Incident: outbox dispatcher stalled
- Check
anchor-outbox-worker pod health and logs.
- Inspect
outbox_events for sustained pending/processing growth.
- Verify AgentField connectivity and authentication from worker.
- Restart worker deployment and monitor delivery status transitions.
- Requeue any dead-letter events from
POST /api/v1/agent-runtime/outbox-failures/{id}/retry.
Incident: failed import/export pipeline jobs
- Inspect failed jobs in
GET /api/v1/agent-runtime/failures (failedJobs list).
- Validate adapter credentials and object-store targets in admin settings.
- Requeue failed jobs using
POST /api/v1/agent-runtime/job-failures/{id}/retry.
- Confirm queued/running/succeeded progression in
GET /api/v1/jobs.
Incident: production rollback
- Revert
infra/helm/platform/environments/prod/values.yaml to prior image tag.

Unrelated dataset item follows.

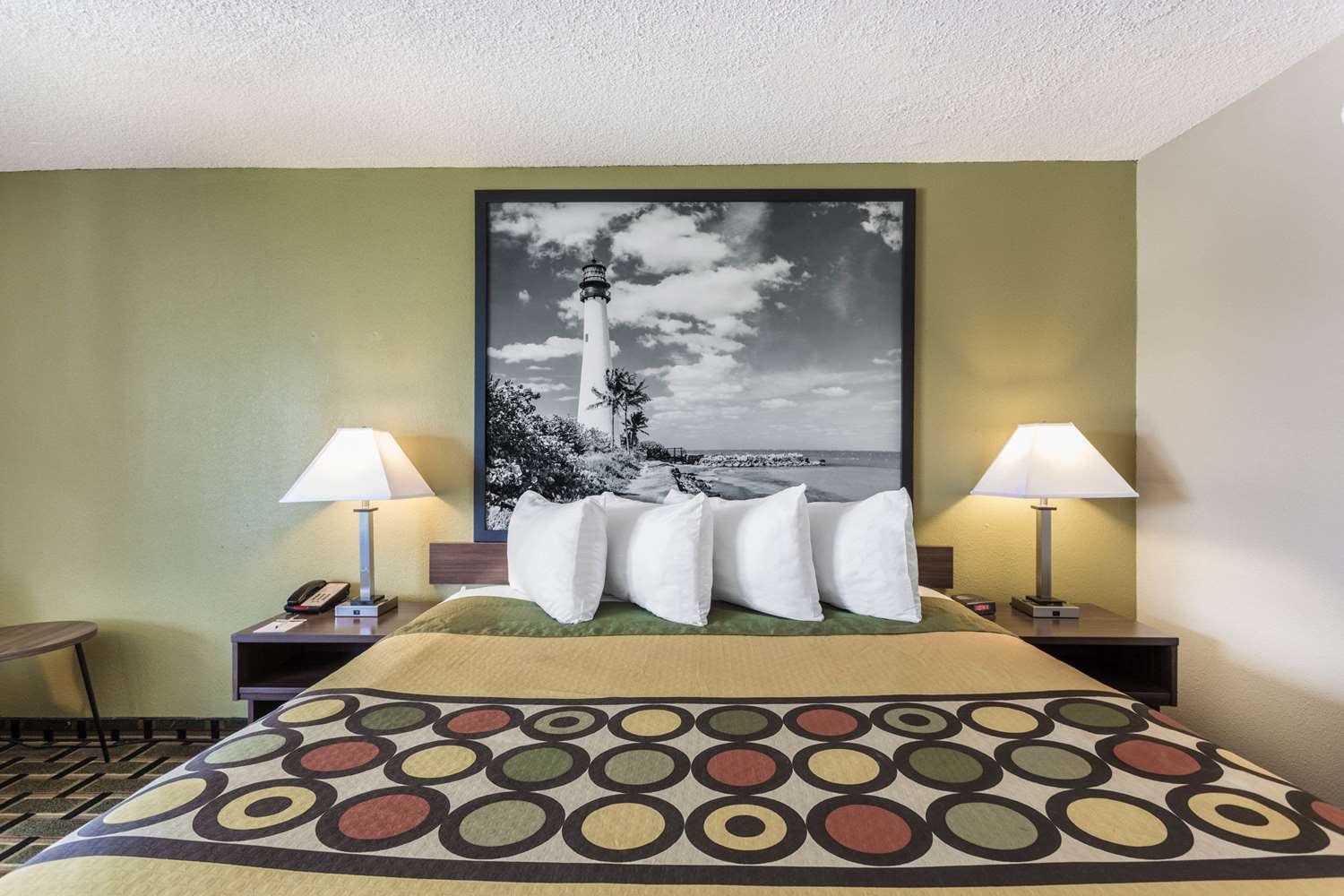 Super 8 by Wyndham Ocala I-75 29/56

- Merge rollback PR and validate Argo CD sync health.
- Run smoke checks on
/health, execute route, and ingest route.
- Export rollback evidence and attach to incident record.
Rollback drill checklist (required before release)
- Capture current prod image tags from
environments/prod/release.yaml.
- Create an ops PR that pins prod to the previous known-good tag.
- Merge PR and run Argo hard refresh + prune sync.
- Verify
anchor-prod is Synced and Healthy.
- Verify:
GET https://ops.anchor-msp.com
GET https://ops.anchor-msp.com/api/v1/health
GET https://ops.anchor-msp.com/api/v1/openapi
- Create forward-fix PR restoring intended release tag.
- Merge and repeat health checks.
Data onboarding: first live tenant
- Apply migrations (
scripts/apply-migrations.sh).
- Run
scripts/bootstrap/onboard-workspace.sh with real tenant inputs:
WORKSPACE_NAME
WORKSPACE_SLUG
CLIENT_NAME
CONTACT_FIRST_NAME
CONTACT_LAST_NAME
CONTACT_EMAIL
ASSET_HOSTNAME
ASSET_OS
TICKET_TITLE
- Verify API summaries return
200 for the new workspace token/ID.
- Verify operator UI shows workspace switcher and non-empty counters.
- Verify portal UI loads ticket/approval/invoice sections without placeholder cards.
- Generate a portal invite from
/admin/settings and validate:
- invite URL opens the portal with workspace context
- token grants
client_portal only
- revocation immediately blocks access.
Daily MSP operations runbook (UI-first)
- Open
Console and select workspace.
- Review module queues in order:
Tickets for new/in-progress work.
Alerts for open/critical alerts.
Invoices for overdue/payment follow-up.
- Use lifecycle controls (status transition + archive) directly from module list rows.
- Open
Ops for workflow failures and runtime health:
- resolve critical alert queue first
- retry failed workflows/outbox/jobs with reason capture
- validate AgentField worker heartbeat + queue depth.
- Use
Portal invite session to spot-check client-scoped UX for one tenant daily.
- Use
Admin Settings to confirm telemetry ingest and adapter connectivity statuses remain healthy.
First-client onboarding runbook (UI-first)
- In
Console create baseline records:
Clients
Contacts
Assets
- required
Services.
- In
Admin Settings, rotate endpoint enrollment token and hand off enrollment bundle to endpoint deployment staff.
- Verify telemetry ingest appears in Admin/Ops views (
batches24h, events24h, and no schema rejection spike).
- Generate portal invite in
Admin Settings, share invite URL, and validate client session handoff.
- In
Portal, verify the client can:
- submit/update ticket
- approve/reject quote
- acknowledge invoice/payment intent
- browse KB.
- In
Ops, trigger and verify one smoke AgentField execution for the tenant to validate callback->workflow->audit chain.
Capacity: 4GB node saturation
- Verify sustained CPU or memory pressure from
kubectl top pods and pod scheduling failures.
- Scale non-prod namespaces (
anchor-dev, anchor-staging) to zero before changing prod.
- Keep
web and gateway at replicaCount=1 with maxSurge=0/maxUnavailable=1 on single-node profile.
- Move stateful dependencies to managed services if still in-cluster.
- If saturation persists, raise a capacity incident and bump node class before enabling extra replicas.